Le saxophoniste Guillaume Perret entend son nouvel album, Free, comme une musique de film tandis qu'il m'apparaît plutôt comme un dance-floor hirsute dans une jungle de synthèse. Armé de son ténor et d'un puzzle d'effets qu'il contrôle en temps réel, Perret joue des boucles pour constituer un orchestre à lui tout seul. Pour le disque il a enregistré de longues prises où les pistes s'empilent, quitte à les découper ensuite pour recomposer ses paysages imaginaires. C'est dans ce montage que la référence cinématographique s'impose, méthode que nous utilisions dans les années 70 avec Un Drame Musical Instantané lorsque nous improvisions des pièces qui faisaient rarement moins de trente minutes. Je m'efforçais ensuite de respecter la chronologie tout en pratiquant quelques ellipses. C'est ainsi que l'album des Poisons (d'une durée de 24 heures) fut réalisé ! Nous construisions à trois des récits dramatiques là où Perret échafaude seul des rythmes entraînants sur lesquels il hurle sa rage mélodique dans une spirale de derviche tourneur.


Si les références nord-américaines et caraïbiennes s'enchaînent, le jazz offre avant tout la liberté de l'improvisation ! Les loops poussent à la techno et à la transe, un jeu très mâle qui ne fait pas dans la dentelle, propre à exciter les deux sexes en butte à s'éclater. Les titres ne sont pas équivoques, c'est du hard ! Walk, Heavy Dance, Pilgrim, Cosmonaut, She's Got Rhythm montrent à la fois le besoin d'avancer et de découvrir... S'il marche sur le fil, Perret doit sans cesse retrouver l'équilibre sans écraser le blindage.

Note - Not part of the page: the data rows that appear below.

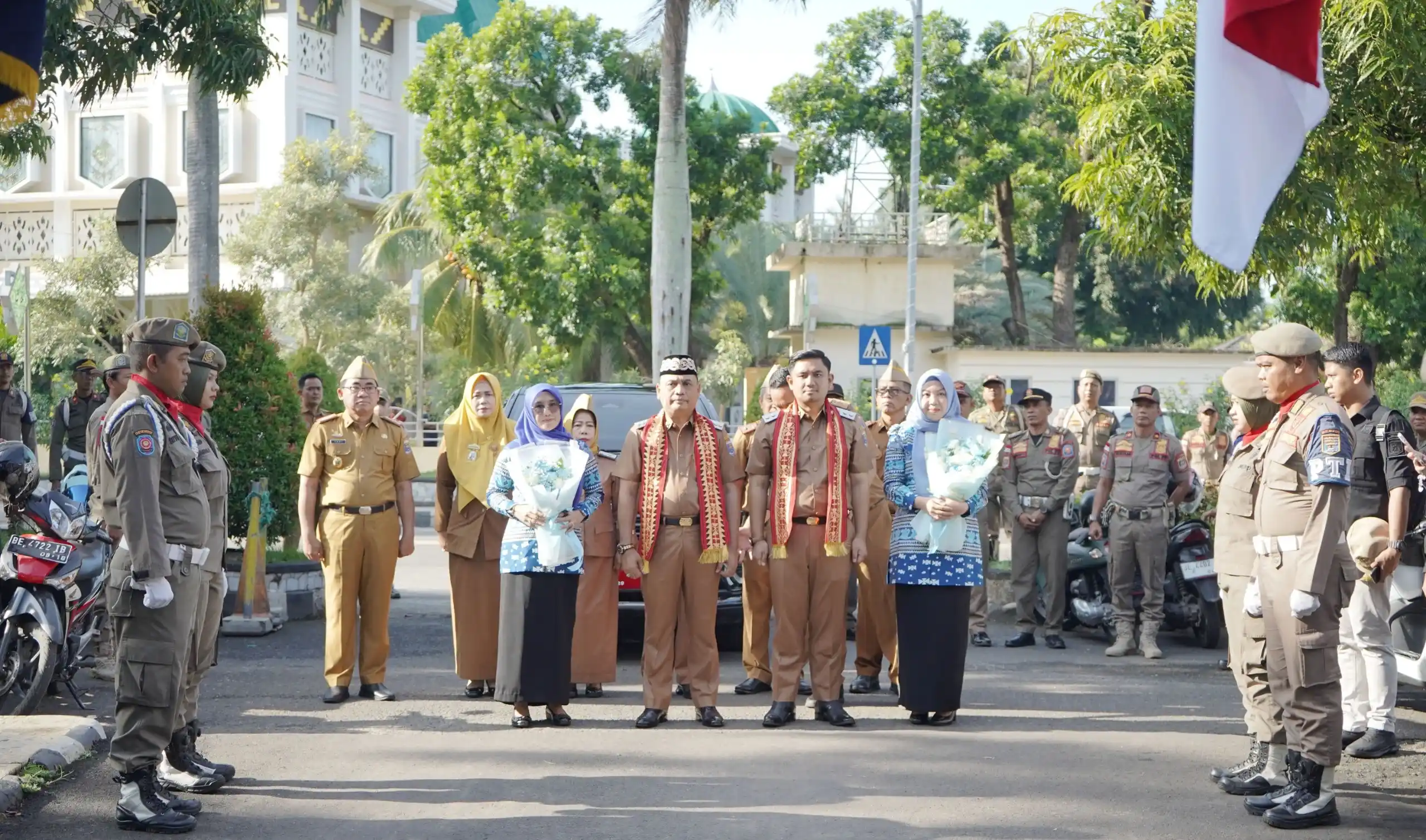 Hari Pertama Ngantor, Wali Kota Metro Minta ASN Bekerja Maksimal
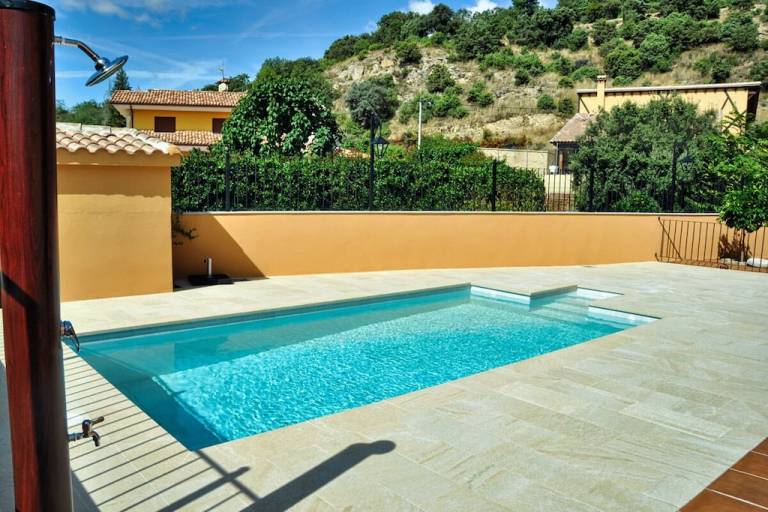 Casa rural  Madrigal de la Vera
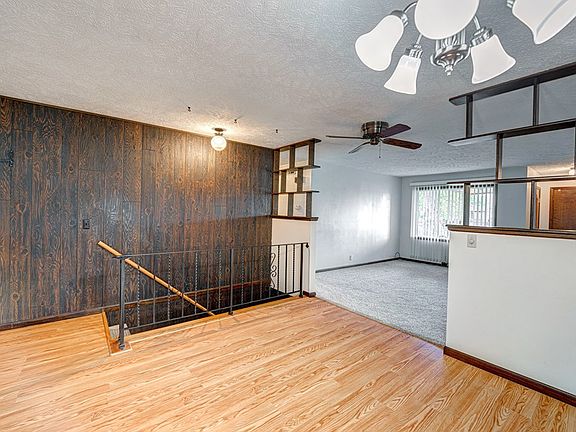 5th image of 420 Venus Ave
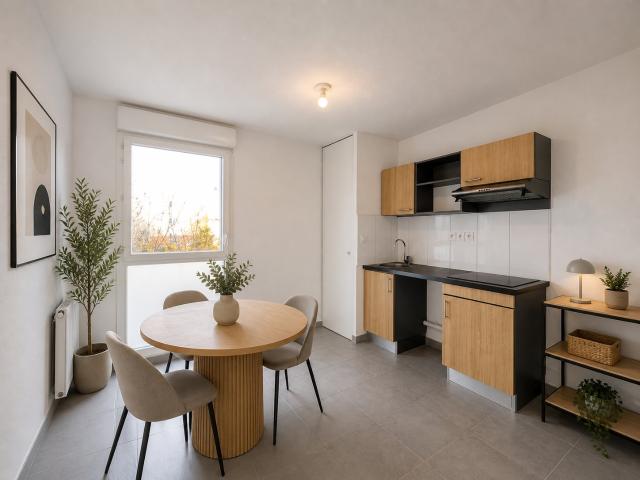 Appartement T3 64m2 avec grand balcon et 2 PK en S SOL à vendre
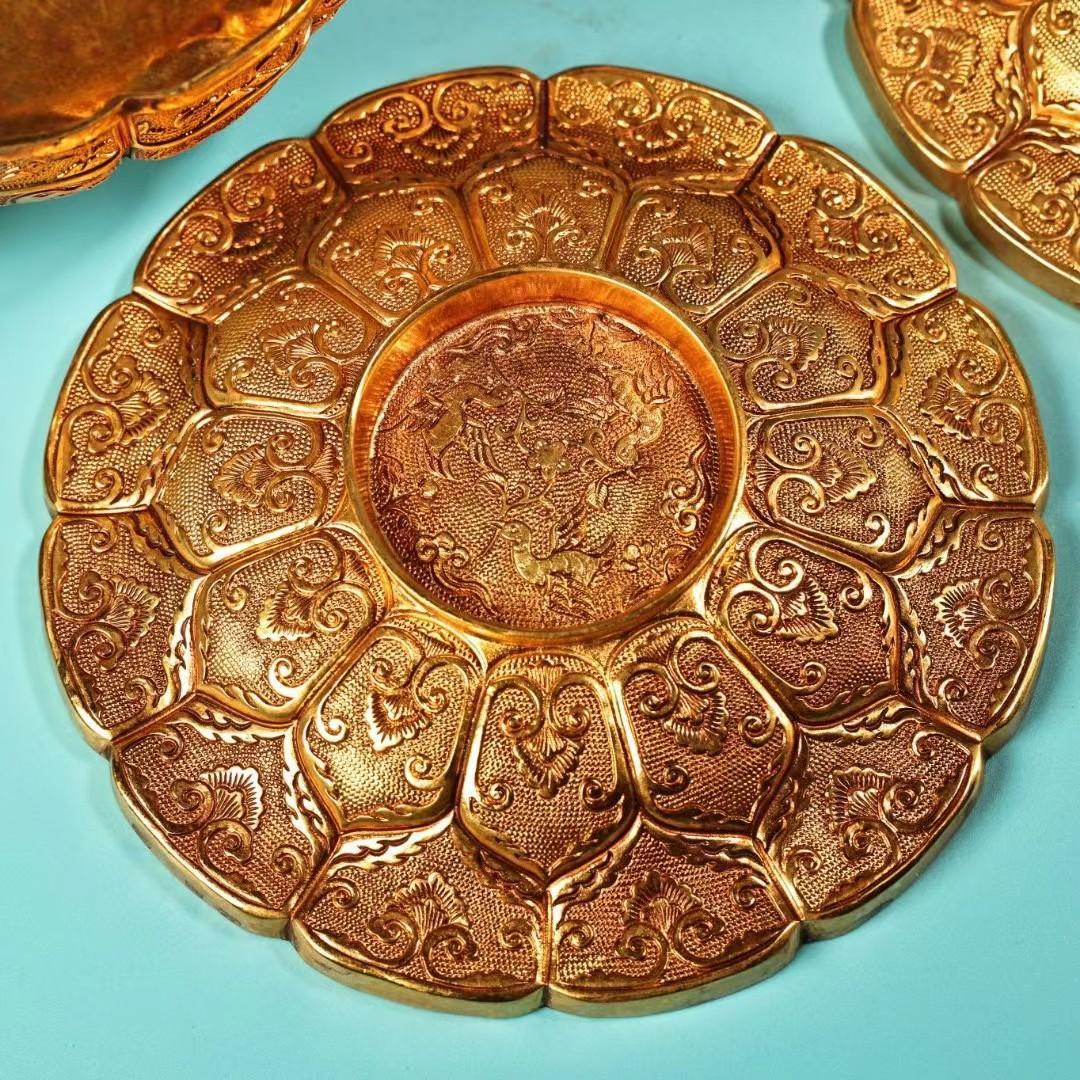 中国古美術・旧蔵鎏金茶碗の缶のセット・純銅細密彫・純手作り・高浮彫・置物・茶道具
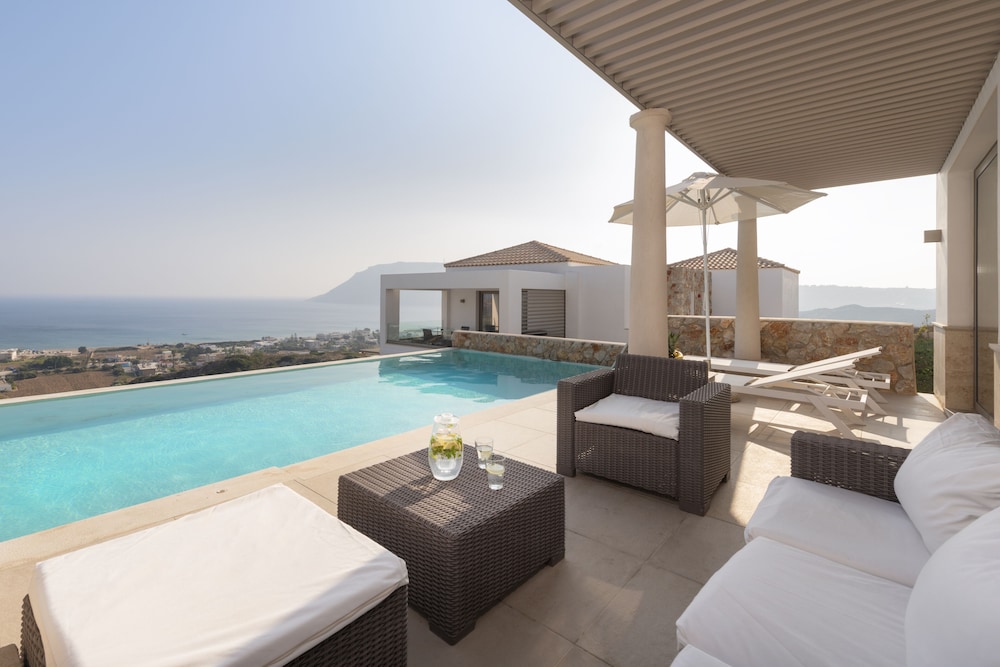 Signature Suite, Private Pool, Sea View photo 3
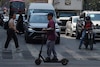 Aprueban dictamen para que conductores de scooters y motos eléctricas porten licencia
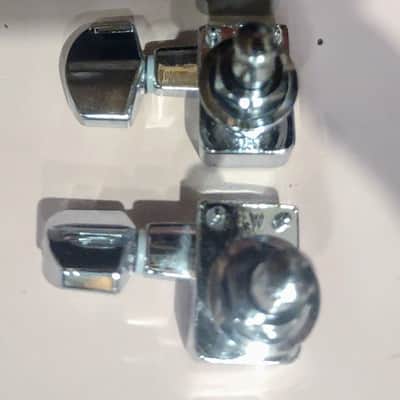 Fender 6 In-Line Tuning Heads - 2 Pin - Chrome image 3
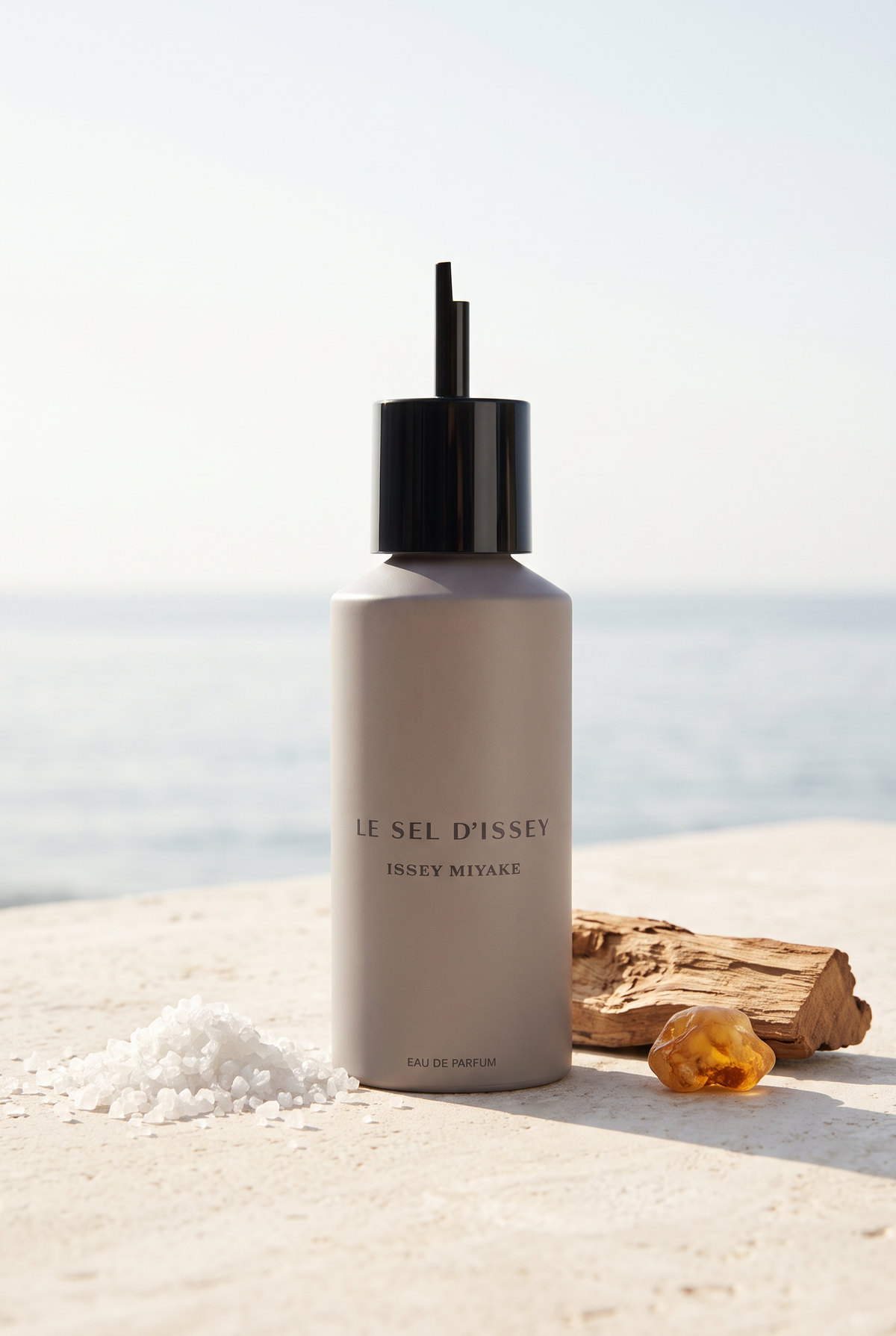 Issey Miyake Le Sel d'Issey Eau de Parfum Refill Flakon am sonnigen Meeresufer mit Meersalz und Zedernholz - kaufenparfum.de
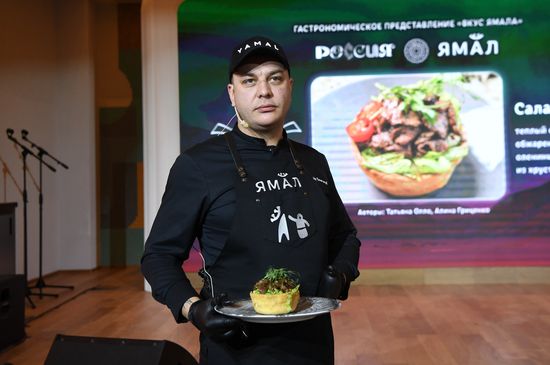 The International RUSSIA EXPO Forum and Exhibition. The Tastes of Yamal gastronomic show. Cooking Yuribei salad with reindeer meat. Chef Alexander Ponomaryov. Location: Russia, Moscow. Author: Ekaterina Chesnokova/Sputnik. RUSSIA EXPO. Yamal-Nenets Autonomous Area Day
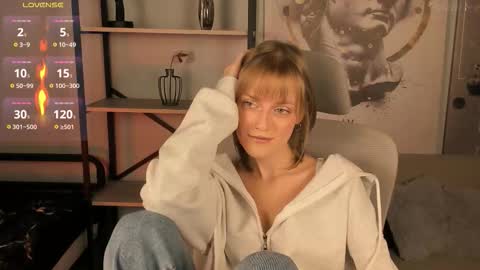 Kira online show from November 19, 5:46 pm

Les pédales d'effets donnent un son analogique aux transformations sonores que Perret fait subir à son ténor pour fabriquer nappes, chorus distordus, basses, percussions et jungle animale. Les boucles donnent la couleur raide des boîtes aux rythmes tandis que les couches de sax se répondent en se dandinant avec lyrisme. Je suis curieux d'entendre le processus à l'œuvre lors du concert de jeudi prochain 17 novembre au Café de la Danse, car sur le disque il attaque souvent les morceaux alors que le mille-feuilles est déjà précuit, travail de composition quasi symphonique dont l'électricité est le moteur.